# Do goats DIG under fences?



## yeshuaisiam (Jan 25, 2012)

I know they can push, but I hear a lot of "family" that have NEVER owned goats say that a goat can DIG under the fence. We are setting up fences now and I'm wondering.


----------



## toth boer goats (Jul 20, 2008)

No... they do not dig.... but a dog does..... golden rule.... :thumb: if a dog can get in... a goat can get out.... :wink:


----------



## xymenah (Jul 1, 2011)

My goats do rough up the ground with their hooves to get a cove to lay down in but they aren't dogs and they don't dig under.


----------



## Skyz84 (Jul 25, 2011)

They wont dig like a dog but mine paw at the ground and make holes around the fence line. Everywhere it's shady. 

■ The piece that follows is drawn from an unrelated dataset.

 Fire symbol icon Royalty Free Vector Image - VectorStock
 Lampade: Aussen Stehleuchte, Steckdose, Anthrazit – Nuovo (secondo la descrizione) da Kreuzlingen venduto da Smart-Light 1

My buck found a weak spot on the fence near a hole and went under it. He didn't dig, but he is only 18" tall. It was pretty easy for him to find it. LOL


----------



## crocee (Jul 25, 2008)

If water will flow through it then so can a goat. One of mine went under the fence and had to be conned back in.


----------



## Tenacross (May 26, 2011)

What everybody else said is true. Goats will definitely go under a fence. Bucks will do Whatever it takes. But tell the family... they don't dig under fences. At least mine don't. I've found hot wire, even a single strand along an existing fence, is very effective.


----------